Tuple means the number of lines

2.1 Database systems

2.1.1 Relational databases

In relational databases, the data is stored in tables or Relations saved. Each relation consists of a certain number of columns or Attributes as well as a set of lines or Tuples (Sentences). The number of attributes determines the Degree, the number of tuples the Cardinality a relation. Fig. 2-1 shows an example of two relations of degree 3 and cardinality 6 and 5, respectively.

Each attribute has a so-called domain (Domain of definition) which defines the permissible values. The description of a relation includes the name of the relation and its attributes as well as the associated domains. The expression of the relation is given by the set of tuples and corresponds to a subset of the Cartesian product over the attribute domains. The set property of relations means that no tuple may appear more than once and that there is no predetermined order among the tuples.

The relation model prescribes two model-inherent integrity conditions, the so-called Relational invariants. The primary key condition requires that for each relation an attribute or a combination of attributes as Primary key acts to uniquely identify tuples. In Fig. 2-1, for example, the attributes KTONR (relation ACCOUNT) and KNR (relation CUSTOMER) form suitable primary keys. The second constraint inherent in the model concerns so-called Foreign key, with which relationships between relations can be realized. In Fig. 2-1 the attribute KNR (customer number) in relation to ACCOUNT is such a foreign key with which the owner of an account is represented by a reference to the primary key of the relation CUSTOMER. The foreign key condition requires that the tuple referenced by a foreign key value exists in the database, i.e. that a corresponding primary key value must be defined in the referenced relation (referential integrity).
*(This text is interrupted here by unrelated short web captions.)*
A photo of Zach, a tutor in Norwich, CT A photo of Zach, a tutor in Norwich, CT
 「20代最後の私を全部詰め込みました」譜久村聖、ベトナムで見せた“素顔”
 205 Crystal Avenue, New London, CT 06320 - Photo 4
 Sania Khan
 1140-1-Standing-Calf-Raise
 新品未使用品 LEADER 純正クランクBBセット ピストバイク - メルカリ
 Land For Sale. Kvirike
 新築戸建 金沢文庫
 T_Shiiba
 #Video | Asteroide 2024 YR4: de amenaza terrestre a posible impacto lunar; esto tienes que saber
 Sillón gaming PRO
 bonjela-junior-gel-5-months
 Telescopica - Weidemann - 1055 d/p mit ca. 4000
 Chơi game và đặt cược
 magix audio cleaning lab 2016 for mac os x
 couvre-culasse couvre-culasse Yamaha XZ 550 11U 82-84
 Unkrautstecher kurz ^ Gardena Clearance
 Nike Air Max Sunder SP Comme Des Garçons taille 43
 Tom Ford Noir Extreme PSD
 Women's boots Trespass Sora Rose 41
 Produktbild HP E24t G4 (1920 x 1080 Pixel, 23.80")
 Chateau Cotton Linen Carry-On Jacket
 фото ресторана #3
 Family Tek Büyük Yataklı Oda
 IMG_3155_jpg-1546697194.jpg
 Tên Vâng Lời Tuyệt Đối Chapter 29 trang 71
To describe relational queries, we mainly use the Relational algebra back. Relational algebra allows for a compact representation of operations and explicitly specifies the basic operators to be executed when processing the query. The operators of the relational algebra are set-oriented, since they in turn generate a relation from one or two input relation (s). In addition to general set-theoretic operators such as union (), Averaging (), Cartesian product () or difference are of particular interest in the relational operators selection (restriction), projection and join (join). With the selection


a line-by-line (horizontal) subset of a relation R is formed that contains all tuples that satisfy the selection predicate P. An example of this can be found in Fig. 2-2a. The projection


forms a column-wise (vertical) subset of the input relation, whereby all unspecified attributes are "filtered out" (example: Fig. 2-2b). Duplicates are also eliminated in order to preserve the quantity property of the result relation. The Composite () finally allows the linking of two relations that have attributes with matching domains. By far the most important composite type is Peer group (Equi-Join), in which the link is defined by an equality condition on the compound attributes. The equal connection between relation R with compound attribute r and relation S with compound attribute s can be defined as a selection on the Cartesian product between R and S:

The natural composite between two relations in which the compound attributes have the same name is defined as an identical compound between the relations, whereby the compound attributes appear only once in the result. Due to the naming convention, the join condition can be omitted with the natural join (R S). Fig. 2-2c shows an example of the natural bond.
The Semi-join between two relations R and S (R S) is defined as a join, the result of which only contains attributes of relation R:

Fig. 2-2d shows an example of a (natural) semi-join. Semi-joins have become particularly important in the context of distributed database systems. They allow the result set to be reduced compared to the normal join, which can be used to reduce the amount of data to be transferred (see Section 6.5.2).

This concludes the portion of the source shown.